*To do*.
Print nothing but the lines below starting at the line that holds "Certified Used 2022" and ending at the line that holds "Chalet en venta en Urbanizaciones en Llíria", including both, each exactly as written.

Data entries:
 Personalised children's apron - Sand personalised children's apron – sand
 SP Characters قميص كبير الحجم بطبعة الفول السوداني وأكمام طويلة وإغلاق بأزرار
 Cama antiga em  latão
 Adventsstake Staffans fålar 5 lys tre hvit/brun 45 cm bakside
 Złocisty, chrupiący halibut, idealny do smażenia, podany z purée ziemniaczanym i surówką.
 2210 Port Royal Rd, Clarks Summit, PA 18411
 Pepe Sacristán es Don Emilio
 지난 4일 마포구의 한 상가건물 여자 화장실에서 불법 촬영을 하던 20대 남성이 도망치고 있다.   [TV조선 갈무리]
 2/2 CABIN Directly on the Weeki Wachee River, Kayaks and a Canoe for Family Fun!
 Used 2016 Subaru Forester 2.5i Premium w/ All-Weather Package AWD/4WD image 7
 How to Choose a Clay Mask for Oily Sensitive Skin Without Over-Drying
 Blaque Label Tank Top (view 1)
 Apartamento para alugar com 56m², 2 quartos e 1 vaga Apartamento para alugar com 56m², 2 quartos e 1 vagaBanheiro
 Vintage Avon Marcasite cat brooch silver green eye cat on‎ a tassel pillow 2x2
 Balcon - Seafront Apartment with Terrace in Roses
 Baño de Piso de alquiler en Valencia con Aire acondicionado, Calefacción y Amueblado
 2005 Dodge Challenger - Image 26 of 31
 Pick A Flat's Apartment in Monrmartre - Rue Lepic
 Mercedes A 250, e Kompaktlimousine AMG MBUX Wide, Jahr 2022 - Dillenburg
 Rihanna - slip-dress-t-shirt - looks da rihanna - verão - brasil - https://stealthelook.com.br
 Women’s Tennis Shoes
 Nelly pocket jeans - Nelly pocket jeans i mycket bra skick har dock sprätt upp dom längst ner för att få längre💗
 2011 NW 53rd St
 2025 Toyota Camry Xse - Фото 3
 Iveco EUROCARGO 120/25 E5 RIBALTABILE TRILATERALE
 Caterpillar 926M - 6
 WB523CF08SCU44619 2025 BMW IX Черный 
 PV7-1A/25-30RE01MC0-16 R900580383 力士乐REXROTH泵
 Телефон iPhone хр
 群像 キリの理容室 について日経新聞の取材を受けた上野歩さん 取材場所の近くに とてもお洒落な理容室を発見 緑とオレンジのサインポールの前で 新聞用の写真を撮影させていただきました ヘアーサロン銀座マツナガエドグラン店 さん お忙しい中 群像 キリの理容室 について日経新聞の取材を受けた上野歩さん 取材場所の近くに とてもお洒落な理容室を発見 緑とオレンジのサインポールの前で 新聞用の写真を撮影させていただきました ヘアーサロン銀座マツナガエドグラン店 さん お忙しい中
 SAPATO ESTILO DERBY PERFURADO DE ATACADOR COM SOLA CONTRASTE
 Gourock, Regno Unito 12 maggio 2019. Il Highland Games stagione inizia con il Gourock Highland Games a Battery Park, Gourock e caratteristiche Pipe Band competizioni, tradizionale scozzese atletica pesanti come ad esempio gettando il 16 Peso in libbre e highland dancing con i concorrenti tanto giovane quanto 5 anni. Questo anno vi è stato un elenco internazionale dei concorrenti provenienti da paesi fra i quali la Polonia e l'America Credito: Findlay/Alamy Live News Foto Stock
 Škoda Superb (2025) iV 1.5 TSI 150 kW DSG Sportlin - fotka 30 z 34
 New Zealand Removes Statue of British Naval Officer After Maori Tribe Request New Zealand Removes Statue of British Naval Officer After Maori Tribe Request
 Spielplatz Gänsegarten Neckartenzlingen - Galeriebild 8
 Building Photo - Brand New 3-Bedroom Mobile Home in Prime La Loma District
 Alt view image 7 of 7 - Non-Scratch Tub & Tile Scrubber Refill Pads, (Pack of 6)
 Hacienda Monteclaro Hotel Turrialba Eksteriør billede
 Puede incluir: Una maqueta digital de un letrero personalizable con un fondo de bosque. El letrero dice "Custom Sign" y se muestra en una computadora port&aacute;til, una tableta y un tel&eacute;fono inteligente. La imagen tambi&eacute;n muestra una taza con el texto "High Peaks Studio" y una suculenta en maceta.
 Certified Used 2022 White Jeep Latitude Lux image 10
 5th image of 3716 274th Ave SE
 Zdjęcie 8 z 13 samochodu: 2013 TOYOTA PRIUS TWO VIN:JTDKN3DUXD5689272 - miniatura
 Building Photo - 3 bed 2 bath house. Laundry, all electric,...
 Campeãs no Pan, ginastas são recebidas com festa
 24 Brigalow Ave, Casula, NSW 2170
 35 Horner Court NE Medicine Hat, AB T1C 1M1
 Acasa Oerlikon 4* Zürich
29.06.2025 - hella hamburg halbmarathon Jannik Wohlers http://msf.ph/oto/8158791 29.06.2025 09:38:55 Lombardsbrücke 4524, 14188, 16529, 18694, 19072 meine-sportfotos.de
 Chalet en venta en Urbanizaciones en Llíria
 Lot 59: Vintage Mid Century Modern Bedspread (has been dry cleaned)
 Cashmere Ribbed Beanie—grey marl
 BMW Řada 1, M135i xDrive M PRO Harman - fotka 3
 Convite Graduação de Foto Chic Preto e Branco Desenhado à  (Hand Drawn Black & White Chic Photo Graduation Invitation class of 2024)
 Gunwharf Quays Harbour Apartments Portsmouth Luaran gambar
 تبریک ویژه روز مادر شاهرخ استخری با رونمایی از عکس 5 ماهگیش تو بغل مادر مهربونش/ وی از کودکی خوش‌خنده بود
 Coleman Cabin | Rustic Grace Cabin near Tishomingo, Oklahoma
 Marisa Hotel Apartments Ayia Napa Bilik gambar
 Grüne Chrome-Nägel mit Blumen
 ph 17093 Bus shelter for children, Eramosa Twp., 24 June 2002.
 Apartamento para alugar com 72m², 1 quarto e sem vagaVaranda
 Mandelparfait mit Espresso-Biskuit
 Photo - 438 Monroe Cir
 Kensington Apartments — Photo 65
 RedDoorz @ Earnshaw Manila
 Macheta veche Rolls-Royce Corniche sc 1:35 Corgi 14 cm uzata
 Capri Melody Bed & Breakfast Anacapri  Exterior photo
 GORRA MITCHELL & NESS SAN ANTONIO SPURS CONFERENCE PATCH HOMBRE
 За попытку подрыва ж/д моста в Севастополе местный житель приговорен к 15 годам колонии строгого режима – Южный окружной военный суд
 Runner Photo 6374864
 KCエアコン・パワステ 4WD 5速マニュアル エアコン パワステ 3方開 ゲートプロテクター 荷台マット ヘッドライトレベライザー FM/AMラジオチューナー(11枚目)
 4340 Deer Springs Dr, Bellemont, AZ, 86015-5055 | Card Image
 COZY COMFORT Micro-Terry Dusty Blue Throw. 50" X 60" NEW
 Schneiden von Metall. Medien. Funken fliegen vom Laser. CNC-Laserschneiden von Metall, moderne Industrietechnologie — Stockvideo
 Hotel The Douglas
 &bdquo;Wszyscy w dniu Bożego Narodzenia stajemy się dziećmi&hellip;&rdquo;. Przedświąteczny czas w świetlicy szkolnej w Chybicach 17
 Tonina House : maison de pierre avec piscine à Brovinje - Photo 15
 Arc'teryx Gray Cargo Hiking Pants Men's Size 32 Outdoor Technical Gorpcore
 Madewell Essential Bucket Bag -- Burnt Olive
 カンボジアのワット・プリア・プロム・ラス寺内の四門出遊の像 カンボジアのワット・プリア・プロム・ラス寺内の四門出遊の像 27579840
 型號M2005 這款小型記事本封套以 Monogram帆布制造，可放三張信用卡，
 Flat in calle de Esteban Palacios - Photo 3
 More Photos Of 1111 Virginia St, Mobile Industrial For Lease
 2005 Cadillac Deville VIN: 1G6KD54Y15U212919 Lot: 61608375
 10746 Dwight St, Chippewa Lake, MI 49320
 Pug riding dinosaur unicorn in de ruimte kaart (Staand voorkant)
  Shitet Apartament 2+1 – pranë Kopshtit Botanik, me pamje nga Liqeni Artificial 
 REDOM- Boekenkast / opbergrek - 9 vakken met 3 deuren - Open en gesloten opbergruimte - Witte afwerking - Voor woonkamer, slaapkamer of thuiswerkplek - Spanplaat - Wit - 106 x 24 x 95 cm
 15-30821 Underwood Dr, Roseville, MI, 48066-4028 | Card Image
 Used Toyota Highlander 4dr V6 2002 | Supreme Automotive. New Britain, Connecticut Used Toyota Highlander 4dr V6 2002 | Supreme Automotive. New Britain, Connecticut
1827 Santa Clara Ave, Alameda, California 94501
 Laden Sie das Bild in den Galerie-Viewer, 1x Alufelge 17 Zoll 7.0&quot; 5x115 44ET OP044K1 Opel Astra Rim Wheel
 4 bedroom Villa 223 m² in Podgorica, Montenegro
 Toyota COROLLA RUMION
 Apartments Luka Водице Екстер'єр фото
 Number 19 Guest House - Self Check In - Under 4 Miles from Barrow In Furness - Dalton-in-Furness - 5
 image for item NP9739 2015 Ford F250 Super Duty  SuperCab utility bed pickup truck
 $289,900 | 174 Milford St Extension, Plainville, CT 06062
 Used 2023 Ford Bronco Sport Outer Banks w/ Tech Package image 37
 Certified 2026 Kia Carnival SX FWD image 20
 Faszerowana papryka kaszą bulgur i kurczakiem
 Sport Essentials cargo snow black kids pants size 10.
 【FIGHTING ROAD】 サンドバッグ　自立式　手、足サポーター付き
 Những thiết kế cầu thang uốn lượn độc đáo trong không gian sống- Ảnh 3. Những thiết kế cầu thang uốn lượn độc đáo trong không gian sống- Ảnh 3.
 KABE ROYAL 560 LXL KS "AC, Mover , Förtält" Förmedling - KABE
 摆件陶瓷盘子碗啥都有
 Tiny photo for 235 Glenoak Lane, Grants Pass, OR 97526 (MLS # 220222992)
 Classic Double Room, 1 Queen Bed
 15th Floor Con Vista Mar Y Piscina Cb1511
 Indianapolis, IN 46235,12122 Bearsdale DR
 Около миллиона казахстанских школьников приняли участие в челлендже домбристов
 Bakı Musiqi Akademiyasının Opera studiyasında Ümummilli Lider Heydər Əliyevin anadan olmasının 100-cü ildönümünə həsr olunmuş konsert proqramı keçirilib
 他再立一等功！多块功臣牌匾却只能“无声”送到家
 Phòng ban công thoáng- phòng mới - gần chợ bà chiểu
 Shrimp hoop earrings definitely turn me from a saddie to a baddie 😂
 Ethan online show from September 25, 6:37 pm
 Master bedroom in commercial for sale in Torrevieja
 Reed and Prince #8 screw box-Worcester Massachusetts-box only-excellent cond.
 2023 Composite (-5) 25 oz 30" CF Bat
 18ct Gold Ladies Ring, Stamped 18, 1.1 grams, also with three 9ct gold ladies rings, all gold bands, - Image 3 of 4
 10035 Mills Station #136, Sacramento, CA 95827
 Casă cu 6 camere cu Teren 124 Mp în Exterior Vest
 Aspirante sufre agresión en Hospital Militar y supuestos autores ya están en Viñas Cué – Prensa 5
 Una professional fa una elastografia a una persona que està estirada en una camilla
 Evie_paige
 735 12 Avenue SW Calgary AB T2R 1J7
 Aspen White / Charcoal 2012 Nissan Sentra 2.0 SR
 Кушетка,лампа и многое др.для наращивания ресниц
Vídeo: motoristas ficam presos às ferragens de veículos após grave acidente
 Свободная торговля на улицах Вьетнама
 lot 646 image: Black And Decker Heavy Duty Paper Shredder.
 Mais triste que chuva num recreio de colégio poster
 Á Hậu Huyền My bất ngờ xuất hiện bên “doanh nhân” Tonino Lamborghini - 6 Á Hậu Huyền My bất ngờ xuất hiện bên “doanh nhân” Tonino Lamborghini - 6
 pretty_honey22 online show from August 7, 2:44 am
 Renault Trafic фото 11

*Finished exercise*.
 Certified Used 2022 White Jeep Latitude Lux image 10
 5th image of 3716 274th Ave SE
 Zdjęcie 8 z 13 samochodu: 2013 TOYOTA PRIUS TWO VIN:JTDKN3DUXD5689272 - miniatura
 Building Photo - 3 bed 2 bath house. Laundry, all electric,...
 Campeãs no Pan, ginastas são recebidas com festa
 24 Brigalow Ave, Casula, NSW 2170
 35 Horner Court NE Medicine Hat, AB T1C 1M1
 Acasa Oerlikon 4* Zürich
29.06.2025 - hella hamburg halbmarathon Jannik Wohlers http://msf.ph/oto/8158791 29.06.2025 09:38:55 Lombardsbrücke 4524, 14188, 16529, 18694, 19072 meine-sportfotos.de
 Chalet en venta en Urbanizaciones en Llíria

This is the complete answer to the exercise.